Lakshmi-Narayan on display at the Dallas Museum of Art, Photograph by Richard Cutshall, 2018.

I told my collaborators – activist, editor, and author Kanak Mani Dixit, and Professor of Himalayan Art History Dr. Dina Bangdel – that I had located the sculpture.  Dina planned to visit Dallas and hoped to speak to the curator about the possibility of repatriation, but a month later, in April 2015, earthquakes hit Nepal and our priorities shifted. Unfortunately beloved Dr. Dina Bangdel passed away in 2017.  I do not think she had the opportunity to speak with anyone at the Dallas Museum of Art.

In 2017, I exhibited the paintings and research, and gave a talk about the illicit trade of Nepal’s cultural heritage at a conference on the ethics of the art trade at Washington and Lee University in Virginia.  I used the Lakshmi Narayan sculpture as a case study.  There I met Dr. Erin Thompson, Professor of Art Crime at the John Jay College of Criminal Justice.  In 2019 she approached me about writing an article highlighting the case of the Lakshmi-Narayan.  Her fierce and meticulously researched article about the sculpture, museum, and collector was published in Hyperallergic in January 2020.  Just before the article was published, Dr. Thompson informed the Dallas Museum of Art of the sculpture’s provenance and they removed the sculpture from display.  However, the museum was not immediately willing to return the Lakshmi-Narayan sculpture, which prompted the FBI to get involved.  I had the privilege of serving as an expert witness, providing information about the sculpture’s origins, theft, auction in 1990, and all publications it had appeared in before and after the theft, as well as photographs, GPS data, and a map of the temple location.  The Embassy of Nepal in Washington D.C., Nepal’s Ministry of Culture and Department of Archeology, the Lalitpur Metropolitan Office, neighborhood residents, and Kanak Mani Dixit, Rabindra Puri, Dilendra Shrestha, and other activists in Nepal, as well as Dr. Erin Thompson were also involved in the claim for repatriation.  

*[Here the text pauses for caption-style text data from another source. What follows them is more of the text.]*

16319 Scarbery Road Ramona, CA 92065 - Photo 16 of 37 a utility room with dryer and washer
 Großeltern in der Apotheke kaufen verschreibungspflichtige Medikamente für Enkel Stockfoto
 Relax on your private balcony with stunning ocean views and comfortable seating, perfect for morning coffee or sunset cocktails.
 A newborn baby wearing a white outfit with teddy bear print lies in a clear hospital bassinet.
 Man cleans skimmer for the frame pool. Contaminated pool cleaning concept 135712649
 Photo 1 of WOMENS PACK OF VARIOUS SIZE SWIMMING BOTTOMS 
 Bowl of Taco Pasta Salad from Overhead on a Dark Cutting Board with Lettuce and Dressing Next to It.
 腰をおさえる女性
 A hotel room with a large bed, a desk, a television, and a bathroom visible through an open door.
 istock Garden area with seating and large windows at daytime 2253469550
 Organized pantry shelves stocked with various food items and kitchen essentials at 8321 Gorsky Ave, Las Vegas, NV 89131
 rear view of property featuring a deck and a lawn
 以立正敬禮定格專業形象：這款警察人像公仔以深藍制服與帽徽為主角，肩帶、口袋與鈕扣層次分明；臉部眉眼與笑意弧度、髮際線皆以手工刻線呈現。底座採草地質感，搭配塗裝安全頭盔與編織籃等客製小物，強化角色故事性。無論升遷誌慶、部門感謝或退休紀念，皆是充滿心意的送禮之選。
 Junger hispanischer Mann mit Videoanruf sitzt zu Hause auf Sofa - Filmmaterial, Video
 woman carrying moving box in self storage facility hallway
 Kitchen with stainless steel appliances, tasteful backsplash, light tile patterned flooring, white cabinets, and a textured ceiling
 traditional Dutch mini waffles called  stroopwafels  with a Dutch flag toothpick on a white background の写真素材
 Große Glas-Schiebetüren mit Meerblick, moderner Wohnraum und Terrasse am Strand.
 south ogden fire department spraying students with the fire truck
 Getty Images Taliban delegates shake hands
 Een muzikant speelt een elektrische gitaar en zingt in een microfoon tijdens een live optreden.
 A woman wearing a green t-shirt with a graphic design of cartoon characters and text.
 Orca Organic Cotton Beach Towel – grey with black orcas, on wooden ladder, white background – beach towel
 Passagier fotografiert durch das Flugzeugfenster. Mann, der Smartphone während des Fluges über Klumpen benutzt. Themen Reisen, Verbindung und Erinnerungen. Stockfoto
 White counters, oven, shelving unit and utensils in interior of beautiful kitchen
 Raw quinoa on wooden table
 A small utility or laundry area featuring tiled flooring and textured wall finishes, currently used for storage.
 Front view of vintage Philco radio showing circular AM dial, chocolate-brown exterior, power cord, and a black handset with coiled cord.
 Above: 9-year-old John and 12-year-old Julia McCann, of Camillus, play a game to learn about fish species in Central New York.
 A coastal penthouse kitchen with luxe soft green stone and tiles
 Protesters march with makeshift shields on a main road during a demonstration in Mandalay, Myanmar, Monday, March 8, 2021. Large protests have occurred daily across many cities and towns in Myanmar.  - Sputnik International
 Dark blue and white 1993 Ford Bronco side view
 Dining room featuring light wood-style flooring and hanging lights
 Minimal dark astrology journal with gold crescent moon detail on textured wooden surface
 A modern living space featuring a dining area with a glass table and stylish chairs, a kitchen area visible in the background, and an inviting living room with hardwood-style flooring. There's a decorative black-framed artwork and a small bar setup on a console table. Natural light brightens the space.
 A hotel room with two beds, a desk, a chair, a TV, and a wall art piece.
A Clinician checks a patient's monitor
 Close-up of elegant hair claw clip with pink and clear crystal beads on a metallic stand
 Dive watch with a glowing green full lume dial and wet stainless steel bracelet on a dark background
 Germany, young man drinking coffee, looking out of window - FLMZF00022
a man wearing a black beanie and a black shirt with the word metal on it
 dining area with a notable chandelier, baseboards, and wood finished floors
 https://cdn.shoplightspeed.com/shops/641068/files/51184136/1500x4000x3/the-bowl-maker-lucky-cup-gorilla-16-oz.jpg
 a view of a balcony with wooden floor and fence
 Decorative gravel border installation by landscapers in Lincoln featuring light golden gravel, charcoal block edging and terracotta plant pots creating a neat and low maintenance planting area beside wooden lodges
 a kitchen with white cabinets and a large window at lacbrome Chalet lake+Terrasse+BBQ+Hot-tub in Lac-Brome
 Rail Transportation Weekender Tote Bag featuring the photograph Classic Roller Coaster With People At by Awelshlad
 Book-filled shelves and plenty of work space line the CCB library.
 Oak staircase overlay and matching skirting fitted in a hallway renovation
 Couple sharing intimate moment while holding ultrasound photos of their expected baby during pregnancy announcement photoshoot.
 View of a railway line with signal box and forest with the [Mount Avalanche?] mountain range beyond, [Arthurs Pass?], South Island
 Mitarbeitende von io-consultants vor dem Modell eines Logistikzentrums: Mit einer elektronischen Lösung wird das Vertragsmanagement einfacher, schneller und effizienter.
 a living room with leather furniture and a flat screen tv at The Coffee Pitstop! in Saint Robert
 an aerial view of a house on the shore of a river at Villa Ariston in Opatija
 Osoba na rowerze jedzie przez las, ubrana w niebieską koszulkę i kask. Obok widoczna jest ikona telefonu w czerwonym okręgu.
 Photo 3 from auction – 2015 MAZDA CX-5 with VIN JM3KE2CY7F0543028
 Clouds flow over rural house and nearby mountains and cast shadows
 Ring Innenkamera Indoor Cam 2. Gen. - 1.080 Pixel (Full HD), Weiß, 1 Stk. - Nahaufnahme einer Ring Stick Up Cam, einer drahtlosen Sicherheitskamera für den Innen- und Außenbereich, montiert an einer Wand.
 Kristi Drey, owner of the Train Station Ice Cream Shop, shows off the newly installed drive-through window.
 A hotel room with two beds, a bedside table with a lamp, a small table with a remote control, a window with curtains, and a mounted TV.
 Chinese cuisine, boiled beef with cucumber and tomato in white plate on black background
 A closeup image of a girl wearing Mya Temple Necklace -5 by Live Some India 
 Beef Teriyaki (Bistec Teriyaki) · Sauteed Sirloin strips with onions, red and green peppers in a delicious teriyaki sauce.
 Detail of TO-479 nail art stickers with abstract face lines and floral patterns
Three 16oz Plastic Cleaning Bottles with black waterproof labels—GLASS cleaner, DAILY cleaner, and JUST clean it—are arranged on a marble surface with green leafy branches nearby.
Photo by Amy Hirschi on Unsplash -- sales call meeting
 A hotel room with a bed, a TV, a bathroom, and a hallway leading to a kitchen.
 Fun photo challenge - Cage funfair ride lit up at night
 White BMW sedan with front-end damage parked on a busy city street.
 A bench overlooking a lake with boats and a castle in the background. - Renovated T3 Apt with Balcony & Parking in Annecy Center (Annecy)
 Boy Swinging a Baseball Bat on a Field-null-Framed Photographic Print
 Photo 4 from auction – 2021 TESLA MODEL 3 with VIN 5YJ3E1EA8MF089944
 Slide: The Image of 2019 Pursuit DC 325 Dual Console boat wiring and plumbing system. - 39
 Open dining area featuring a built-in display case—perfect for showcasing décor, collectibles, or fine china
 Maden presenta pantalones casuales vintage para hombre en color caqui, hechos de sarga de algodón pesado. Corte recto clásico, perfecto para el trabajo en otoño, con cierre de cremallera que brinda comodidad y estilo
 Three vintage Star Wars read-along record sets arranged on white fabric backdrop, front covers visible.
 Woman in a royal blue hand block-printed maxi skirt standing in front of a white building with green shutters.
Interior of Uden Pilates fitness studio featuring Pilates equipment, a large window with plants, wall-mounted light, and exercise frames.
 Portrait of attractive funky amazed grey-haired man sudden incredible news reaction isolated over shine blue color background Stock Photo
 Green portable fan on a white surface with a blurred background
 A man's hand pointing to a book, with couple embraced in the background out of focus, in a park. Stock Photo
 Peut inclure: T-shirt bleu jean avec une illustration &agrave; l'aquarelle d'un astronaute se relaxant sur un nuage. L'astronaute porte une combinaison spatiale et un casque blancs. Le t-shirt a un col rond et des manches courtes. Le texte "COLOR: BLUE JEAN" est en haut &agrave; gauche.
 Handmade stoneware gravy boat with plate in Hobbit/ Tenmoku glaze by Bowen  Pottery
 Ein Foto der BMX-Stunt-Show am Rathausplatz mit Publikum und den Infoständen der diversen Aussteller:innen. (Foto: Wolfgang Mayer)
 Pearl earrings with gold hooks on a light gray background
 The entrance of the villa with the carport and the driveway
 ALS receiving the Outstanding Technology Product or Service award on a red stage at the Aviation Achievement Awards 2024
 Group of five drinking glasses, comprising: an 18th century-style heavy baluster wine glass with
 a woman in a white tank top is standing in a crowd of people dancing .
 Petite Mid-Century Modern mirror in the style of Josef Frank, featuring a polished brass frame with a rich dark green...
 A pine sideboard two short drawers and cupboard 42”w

Lakshmi-Narayan Temple in Patko Tol, Patan. Photo by Joy Lynn Davis

And we did it.  We won.  Lakshmi-Narayan is going back to Nepal, after 37 years away from her home temple in Patko Tol, Patan.  Lakshmi-Narayan is quite possibly a thousand years old, and was very likely worshipped continually until the theft in 1984.  The last 37 years may have been a short journey in Lakshmi-Narayan’s life, but for the devotees in the community, it was a long absence.  Lakshmi-Narayan will be joyfully welcomed back as a god once again. 

The sculpture begins traveling back today.  I am told that official press releases from the FBI and other agencies are forthcoming.

I wish to express my deepest gratitude to all involved, with special thanks to Lain Singh Bangdel and Jurgen Schick, who courageously documented the thefts of Nepal’s cultural heritage in the 1970s and 1980s, at the peak of the looting.  They braved enormous risks, and without their work and photographs, we would have only memories of so many of Nepal’s lost gods.  The documentation efforts by them, as well as others after them — Govinda Tandan and Sukra Sagar Shrestha in particular — make it possible for us to recognize them in auctions and museum collections around the world, which will hopefully lead to more returns.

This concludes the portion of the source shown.